Cultural Self Awareness

Cultural self awareness is not about individual characteristics or ways of life, but about behaviors or attitudes that can differ from culture to culture, but are the same in one’s own context. Thus one does not necessarily perceive the cultural self consciously, since it arises in an environment with similar ways of life that are taken for granted.

Experience Through Thinking Alone Or Through Interaction

Cultural self awareness and self reflection can be experienced together with other people or by just thinking. However, it is important that nowadays people can live in diverse systems and thus develop multiple cultures. But once there is only interaction with people from the same culture, it can be difficult to become aware of what your own self looks like. Only through confrontation with people from other cultures with other personalities does an awareness of the self arise. However, cultural self images can arise even before the interaction with other contexts. You are also given a self image based on belonging to your nationality. This can then also be confirmed abroad.

cultural self awareness

Experience Through Contrasts

Mostly cultural self awareness and self-reflection are experienced through contrast experiences. For example, driving on the left in the UK makes it clear that driving on the right is not necessarily something regular. That does not mean that from now on one no longer obeys the rules of traffic, but that one becomes aware of how to behave in given situations in different contexts.

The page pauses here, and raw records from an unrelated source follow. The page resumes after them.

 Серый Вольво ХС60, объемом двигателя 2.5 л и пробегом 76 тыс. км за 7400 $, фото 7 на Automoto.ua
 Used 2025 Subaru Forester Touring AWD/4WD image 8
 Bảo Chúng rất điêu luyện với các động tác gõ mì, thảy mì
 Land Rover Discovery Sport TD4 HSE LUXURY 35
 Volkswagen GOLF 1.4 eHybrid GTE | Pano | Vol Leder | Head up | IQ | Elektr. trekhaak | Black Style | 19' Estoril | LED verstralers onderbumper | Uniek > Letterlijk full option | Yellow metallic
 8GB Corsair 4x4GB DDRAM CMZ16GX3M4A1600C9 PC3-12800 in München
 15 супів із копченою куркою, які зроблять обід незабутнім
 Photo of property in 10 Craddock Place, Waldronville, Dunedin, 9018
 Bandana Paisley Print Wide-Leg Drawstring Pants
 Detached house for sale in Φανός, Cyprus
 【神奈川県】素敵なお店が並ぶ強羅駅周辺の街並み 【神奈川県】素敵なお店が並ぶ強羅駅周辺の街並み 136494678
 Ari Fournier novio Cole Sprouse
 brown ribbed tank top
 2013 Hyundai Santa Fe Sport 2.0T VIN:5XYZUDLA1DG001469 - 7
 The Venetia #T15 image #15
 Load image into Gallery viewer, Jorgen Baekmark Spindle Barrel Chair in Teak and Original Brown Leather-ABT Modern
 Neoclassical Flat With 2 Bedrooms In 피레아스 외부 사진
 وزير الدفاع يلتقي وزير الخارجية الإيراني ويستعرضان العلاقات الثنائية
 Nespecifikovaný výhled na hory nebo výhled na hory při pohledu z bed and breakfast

Since you often take your own schemes for granted, you don’t think about them any further and apply them – mostly unconsciously. The foreign, on the other hand, is always seen as a contrasting experience based on one’s own evaluations. People who do not experience these experiences or do not think about them further believe that their own cultures are correct and that everyone should adhere to them and behave according to these rules. It can then happen that, for example, children or people feel emotionally burdened by new foreign experiences and react with laughter or even aggressions.